(Caption-style text data)
###

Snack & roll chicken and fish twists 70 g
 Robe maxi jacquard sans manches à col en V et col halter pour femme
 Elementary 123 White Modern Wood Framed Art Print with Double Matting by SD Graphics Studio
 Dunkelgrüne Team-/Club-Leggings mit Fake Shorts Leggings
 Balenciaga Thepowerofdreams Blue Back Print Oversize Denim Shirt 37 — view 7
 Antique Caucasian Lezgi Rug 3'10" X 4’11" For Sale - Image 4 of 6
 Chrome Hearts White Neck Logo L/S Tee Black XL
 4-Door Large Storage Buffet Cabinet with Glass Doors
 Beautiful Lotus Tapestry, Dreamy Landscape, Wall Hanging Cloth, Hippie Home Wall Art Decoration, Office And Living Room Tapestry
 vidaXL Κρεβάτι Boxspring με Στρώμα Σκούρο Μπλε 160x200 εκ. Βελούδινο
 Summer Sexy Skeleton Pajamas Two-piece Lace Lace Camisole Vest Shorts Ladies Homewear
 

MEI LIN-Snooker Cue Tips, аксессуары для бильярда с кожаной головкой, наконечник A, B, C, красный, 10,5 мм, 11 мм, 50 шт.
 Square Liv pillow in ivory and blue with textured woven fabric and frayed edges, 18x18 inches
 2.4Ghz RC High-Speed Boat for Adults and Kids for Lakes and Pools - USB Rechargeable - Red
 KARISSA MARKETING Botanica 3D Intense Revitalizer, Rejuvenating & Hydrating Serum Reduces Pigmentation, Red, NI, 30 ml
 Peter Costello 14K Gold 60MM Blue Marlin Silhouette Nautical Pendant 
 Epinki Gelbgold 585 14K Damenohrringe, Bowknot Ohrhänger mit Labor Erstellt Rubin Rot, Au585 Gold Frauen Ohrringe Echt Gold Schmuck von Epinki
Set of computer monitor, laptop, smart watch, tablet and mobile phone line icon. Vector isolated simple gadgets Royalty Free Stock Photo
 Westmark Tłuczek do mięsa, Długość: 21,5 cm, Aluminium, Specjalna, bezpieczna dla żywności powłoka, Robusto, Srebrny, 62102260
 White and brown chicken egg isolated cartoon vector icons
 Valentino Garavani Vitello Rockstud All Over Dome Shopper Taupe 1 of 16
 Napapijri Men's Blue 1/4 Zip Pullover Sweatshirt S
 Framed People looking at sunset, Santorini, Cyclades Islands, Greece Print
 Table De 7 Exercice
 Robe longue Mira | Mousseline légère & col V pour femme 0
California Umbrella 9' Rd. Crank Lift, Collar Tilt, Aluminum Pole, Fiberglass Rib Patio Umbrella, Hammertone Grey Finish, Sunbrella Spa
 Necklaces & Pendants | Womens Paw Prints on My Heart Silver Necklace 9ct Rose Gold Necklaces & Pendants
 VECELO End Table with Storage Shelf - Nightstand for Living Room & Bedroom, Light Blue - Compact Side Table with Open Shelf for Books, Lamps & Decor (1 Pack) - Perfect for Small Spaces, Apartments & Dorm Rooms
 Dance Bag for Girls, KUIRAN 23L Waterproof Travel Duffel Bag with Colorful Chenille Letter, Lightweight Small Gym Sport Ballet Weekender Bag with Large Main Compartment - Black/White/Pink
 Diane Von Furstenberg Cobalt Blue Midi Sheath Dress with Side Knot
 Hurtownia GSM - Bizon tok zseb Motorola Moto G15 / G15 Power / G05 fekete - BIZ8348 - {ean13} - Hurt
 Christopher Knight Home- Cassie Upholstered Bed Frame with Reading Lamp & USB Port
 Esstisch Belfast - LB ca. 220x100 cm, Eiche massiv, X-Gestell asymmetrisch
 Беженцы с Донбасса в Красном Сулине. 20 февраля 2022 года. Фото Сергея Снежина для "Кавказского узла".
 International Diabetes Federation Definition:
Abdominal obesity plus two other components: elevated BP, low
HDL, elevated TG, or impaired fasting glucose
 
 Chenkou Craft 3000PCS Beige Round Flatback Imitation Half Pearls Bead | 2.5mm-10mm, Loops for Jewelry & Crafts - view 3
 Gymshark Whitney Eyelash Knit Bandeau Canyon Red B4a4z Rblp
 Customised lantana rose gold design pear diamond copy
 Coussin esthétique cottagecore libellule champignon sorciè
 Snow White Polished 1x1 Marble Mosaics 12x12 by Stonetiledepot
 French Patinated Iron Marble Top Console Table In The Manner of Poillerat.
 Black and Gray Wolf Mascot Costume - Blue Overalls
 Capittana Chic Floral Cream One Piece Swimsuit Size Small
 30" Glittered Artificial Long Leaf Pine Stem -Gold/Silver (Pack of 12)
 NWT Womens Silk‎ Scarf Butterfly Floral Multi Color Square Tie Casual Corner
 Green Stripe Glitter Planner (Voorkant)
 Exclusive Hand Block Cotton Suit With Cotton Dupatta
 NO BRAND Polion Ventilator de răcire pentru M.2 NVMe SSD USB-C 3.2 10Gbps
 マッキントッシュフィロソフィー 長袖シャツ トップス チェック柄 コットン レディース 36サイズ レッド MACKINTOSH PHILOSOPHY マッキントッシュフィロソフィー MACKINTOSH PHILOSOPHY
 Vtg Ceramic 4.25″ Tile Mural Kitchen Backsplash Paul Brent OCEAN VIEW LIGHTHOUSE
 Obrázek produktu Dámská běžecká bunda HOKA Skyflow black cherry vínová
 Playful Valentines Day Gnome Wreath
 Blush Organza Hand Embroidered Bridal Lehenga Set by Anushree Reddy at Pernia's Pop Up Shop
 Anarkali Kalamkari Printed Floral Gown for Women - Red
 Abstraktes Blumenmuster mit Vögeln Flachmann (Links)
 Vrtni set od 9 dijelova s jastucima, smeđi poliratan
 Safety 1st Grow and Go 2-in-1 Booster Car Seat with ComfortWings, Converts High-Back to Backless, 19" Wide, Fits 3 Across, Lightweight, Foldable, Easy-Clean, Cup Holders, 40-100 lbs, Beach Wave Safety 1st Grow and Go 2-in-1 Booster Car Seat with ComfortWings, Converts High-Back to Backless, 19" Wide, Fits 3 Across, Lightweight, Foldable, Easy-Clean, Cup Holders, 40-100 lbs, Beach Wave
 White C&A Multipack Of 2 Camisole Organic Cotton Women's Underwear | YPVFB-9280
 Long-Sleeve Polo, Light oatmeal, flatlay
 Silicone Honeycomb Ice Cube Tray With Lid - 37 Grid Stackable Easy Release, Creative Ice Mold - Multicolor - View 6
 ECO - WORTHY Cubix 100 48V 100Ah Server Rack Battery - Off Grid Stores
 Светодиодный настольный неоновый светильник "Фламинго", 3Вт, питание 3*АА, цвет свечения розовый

###

What the exercise asks:
Your answer should be exactly the lines of the data above, from the first through the line containing "Summer Sexy Skeleton".

Exercise solution:
Snack & roll chicken and fish twists 70 g
 Robe maxi jacquard sans manches à col en V et col halter pour femme
 Elementary 123 White Modern Wood Framed Art Print with Double Matting by SD Graphics Studio
 Dunkelgrüne Team-/Club-Leggings mit Fake Shorts Leggings
 Balenciaga Thepowerofdreams Blue Back Print Oversize Denim Shirt 37 — view 7
 Antique Caucasian Lezgi Rug 3'10" X 4’11" For Sale - Image 4 of 6
 Chrome Hearts White Neck Logo L/S Tee Black XL
 4-Door Large Storage Buffet Cabinet with Glass Doors
 Beautiful Lotus Tapestry, Dreamy Landscape, Wall Hanging Cloth, Hippie Home Wall Art Decoration, Office And Living Room Tapestry
 vidaXL Κρεβάτι Boxspring με Στρώμα Σκούρο Μπλε 160x200 εκ. Βελούδινο
 Summer Sexy Skeleton Pajamas Two-piece Lace Lace Camisole Vest Shorts Ladies Homewear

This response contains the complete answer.